There is a long queue at the entrance, just like in our Soviet-era canteens. You take a plastic tray divided into sectors and just point at what you want to Philippine cooks at the food counter. Normally, there is a choice of six or seven dishes, there’s a lot of meat: mostly chicken and beef. Americans do not like pork much, though pork is sometimes served, too.

The helping is standard size, but you may get more. The staff learn Ukrainian fast – and not only at the dining facility. I’ve once seen a Ukrainian who tried to explain that he wanted a small helping, and he used the ‘international’ language – English – but the Asian asked back in Ukrainian with a heavy accent.

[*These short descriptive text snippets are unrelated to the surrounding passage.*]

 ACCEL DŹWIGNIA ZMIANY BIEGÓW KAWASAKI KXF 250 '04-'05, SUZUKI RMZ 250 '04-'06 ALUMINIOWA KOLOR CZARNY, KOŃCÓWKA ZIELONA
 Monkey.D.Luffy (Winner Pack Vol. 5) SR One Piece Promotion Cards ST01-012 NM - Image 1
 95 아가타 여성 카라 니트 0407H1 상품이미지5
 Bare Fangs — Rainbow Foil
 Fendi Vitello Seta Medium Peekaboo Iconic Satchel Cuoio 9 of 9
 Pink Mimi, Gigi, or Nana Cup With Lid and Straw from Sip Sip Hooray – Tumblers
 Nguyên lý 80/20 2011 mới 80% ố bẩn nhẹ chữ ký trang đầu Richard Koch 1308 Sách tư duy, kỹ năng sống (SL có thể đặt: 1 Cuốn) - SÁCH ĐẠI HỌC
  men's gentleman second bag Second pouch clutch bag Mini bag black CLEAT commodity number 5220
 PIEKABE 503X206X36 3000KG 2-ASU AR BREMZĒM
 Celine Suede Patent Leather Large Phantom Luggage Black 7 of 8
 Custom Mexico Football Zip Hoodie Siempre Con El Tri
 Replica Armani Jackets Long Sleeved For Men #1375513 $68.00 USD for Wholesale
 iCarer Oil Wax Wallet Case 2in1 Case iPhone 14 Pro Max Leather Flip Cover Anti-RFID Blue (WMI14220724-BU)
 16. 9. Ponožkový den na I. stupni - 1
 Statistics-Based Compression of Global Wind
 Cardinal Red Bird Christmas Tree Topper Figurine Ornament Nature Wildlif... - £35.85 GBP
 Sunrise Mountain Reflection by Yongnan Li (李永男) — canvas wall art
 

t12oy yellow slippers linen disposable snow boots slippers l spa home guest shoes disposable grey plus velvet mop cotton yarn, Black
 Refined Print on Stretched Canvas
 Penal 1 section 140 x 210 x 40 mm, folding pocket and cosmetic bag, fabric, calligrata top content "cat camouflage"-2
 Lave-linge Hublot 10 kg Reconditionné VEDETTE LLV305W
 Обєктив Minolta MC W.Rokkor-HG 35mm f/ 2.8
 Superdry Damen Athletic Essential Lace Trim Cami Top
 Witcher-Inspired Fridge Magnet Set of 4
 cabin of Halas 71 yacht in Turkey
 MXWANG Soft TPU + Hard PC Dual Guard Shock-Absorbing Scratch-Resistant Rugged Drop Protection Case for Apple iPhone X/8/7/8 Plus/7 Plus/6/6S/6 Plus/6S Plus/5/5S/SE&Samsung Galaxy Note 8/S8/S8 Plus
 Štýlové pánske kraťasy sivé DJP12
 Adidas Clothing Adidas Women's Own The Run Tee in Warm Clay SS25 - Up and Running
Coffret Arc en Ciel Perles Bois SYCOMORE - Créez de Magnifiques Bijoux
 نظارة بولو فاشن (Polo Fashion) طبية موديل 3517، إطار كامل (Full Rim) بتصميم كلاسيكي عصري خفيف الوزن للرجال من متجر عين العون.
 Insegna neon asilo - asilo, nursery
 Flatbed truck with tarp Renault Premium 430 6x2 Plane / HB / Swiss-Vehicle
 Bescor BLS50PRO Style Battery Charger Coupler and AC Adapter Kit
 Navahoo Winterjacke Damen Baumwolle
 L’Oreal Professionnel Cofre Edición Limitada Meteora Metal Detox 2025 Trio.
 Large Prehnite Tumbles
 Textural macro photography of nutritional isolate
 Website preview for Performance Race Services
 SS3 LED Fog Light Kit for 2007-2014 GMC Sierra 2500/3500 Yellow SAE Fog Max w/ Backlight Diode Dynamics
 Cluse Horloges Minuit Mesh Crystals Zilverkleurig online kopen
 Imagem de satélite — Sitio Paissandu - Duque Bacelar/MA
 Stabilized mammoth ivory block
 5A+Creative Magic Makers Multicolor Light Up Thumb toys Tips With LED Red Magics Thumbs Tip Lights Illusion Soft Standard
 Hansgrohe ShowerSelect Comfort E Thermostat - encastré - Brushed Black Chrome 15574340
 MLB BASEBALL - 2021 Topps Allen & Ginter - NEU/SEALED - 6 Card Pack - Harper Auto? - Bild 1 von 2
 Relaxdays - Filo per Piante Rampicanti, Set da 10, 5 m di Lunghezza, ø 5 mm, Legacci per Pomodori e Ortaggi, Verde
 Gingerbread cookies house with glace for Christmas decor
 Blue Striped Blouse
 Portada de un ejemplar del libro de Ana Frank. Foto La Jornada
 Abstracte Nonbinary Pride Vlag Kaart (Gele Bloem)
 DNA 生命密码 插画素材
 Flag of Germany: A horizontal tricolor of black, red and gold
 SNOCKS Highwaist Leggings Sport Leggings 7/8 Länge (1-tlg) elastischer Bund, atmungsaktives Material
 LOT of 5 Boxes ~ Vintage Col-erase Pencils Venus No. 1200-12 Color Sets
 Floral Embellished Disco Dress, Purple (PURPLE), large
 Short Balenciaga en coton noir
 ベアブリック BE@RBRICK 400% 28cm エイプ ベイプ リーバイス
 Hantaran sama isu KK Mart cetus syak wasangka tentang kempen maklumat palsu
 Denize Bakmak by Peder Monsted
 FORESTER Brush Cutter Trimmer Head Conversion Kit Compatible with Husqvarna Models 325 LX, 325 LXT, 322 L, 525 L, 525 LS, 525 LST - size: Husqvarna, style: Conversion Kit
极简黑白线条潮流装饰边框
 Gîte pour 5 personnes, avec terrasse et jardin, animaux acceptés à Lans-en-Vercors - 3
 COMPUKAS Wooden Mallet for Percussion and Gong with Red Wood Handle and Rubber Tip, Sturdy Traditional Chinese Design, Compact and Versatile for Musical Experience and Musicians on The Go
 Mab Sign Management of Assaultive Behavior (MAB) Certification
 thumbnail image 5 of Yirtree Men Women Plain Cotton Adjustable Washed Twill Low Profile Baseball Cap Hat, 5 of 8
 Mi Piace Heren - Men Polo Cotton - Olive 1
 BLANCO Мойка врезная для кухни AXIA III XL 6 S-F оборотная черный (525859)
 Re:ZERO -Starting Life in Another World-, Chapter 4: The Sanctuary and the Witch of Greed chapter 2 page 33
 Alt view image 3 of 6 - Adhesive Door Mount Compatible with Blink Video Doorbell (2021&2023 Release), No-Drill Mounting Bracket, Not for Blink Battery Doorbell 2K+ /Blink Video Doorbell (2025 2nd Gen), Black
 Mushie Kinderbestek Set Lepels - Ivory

You take salads, fruit and bread yourself. There are big refrigerators with Coke, Fanta, and Sprite along the walls. And there are rows of tables for everyone. Americans have one dining facility for both soldiers and officers, unlike the canteens in Europe and Ukraine, so a colonel and a soldier can sit down at one table. And it’s the same for all other nations at the Delta Camp: Ukrainians, Americans, Kazakhs, and Poles all eat together. Sometimes they are joined by other representatives of the Coalition Forces who stop here for a rest during trips – in fact, I once got to talk to some Kurds who have decided to join the Coalition.

Nostalgia for borscht

Americans do not have strict norms for food supplies – they eat as much as they want, but try to stay physically fit. At the same time, the food is rich in calories. Various steaks and rissoles from other countries’ cuisines (Tatar steaks, Turkish cutlets, etc.), ham, cheese, lots of fruit, including some which are exotic for us, like nectarines (a cross between a plum, a peach and God knows what). You really get confused by all the variety. What’s more, apart from beverages and drinking water from Kuwait everything else is brought from the US. Newcomers are easily spotted here: they stuff their trays full, and then are unable to eat it all up in the first place. By the way, there are signs in different languages at the dining facility entrance: ‘Do not take the food away from the canteen’. It’s done for the purpose of sanitation. However, you can take away canned food and beverages.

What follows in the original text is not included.